## Task statement
For the data that follows, print the line with "Frohe Weihnachtsbaumratte lustig", the line with "Femme consultant un", and all lines between them, exactly as they stand. Omit pictures and add nothing.

## Material supplied
####################

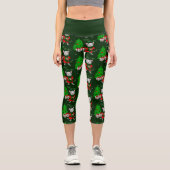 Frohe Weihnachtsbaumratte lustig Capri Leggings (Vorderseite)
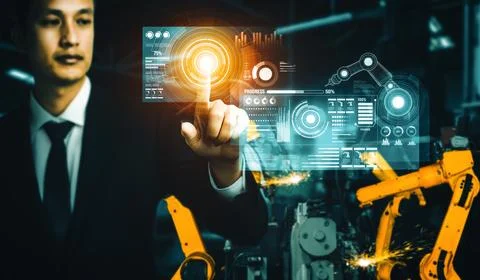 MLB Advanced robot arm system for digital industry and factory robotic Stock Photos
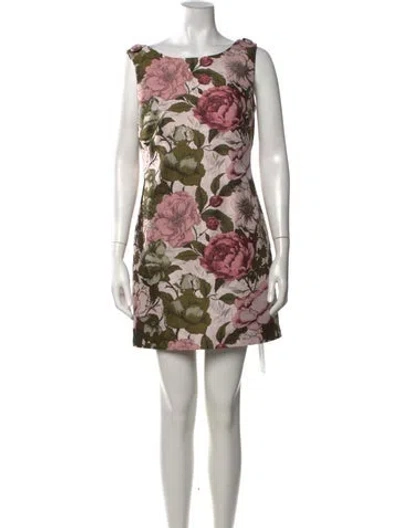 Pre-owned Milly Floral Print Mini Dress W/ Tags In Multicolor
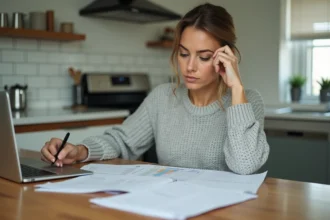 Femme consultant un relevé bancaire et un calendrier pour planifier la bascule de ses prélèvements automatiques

####################

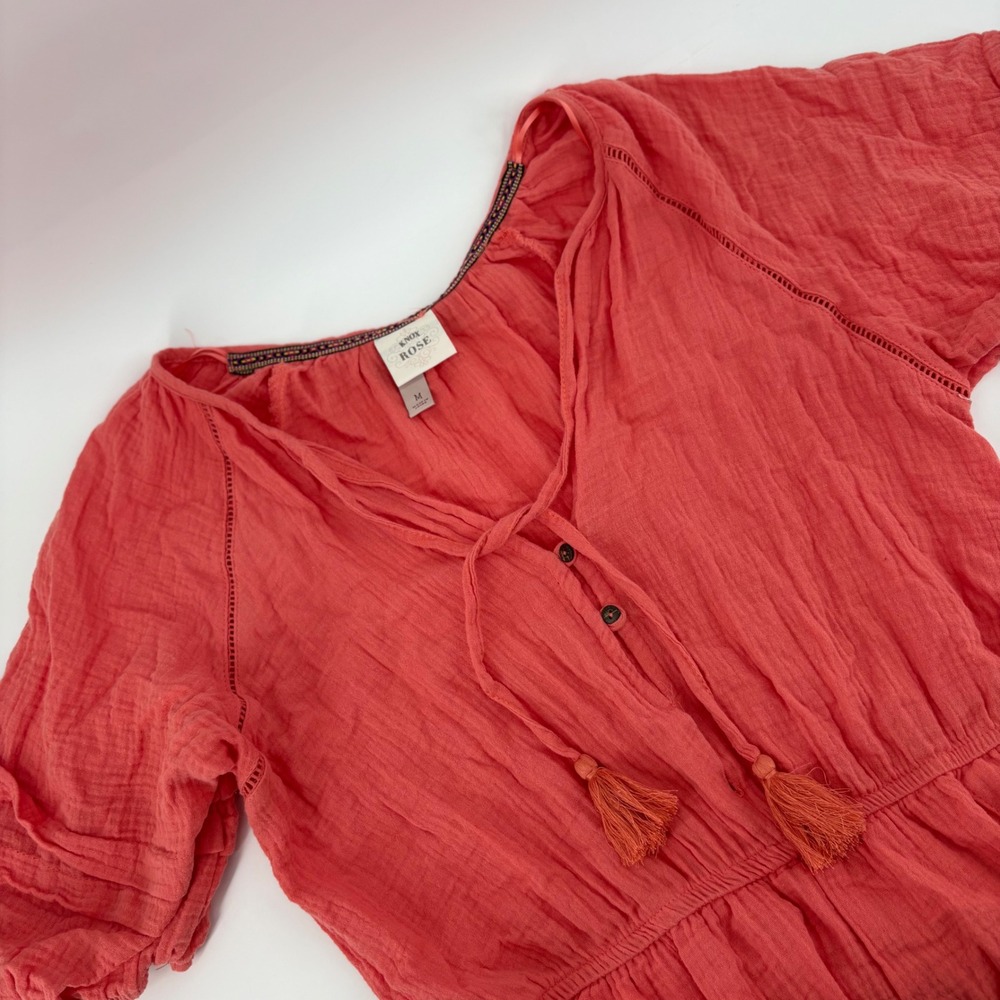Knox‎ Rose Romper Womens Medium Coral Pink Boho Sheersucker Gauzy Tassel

####################

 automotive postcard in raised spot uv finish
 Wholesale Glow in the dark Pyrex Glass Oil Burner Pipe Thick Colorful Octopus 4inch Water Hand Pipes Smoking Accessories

####################

## Solution to the exercise
 Frohe Weihnachtsbaumratte lustig Capri Leggings (Vorderseite)
 MLB Advanced robot arm system for digital industry and factory robotic Stock Photos
 Pre-owned Milly Floral Print Mini Dress W/ Tags In Multicolor
 Femme consultant un relevé bancaire et un calendrier pour planifier la bascule de ses prélèvements automatiques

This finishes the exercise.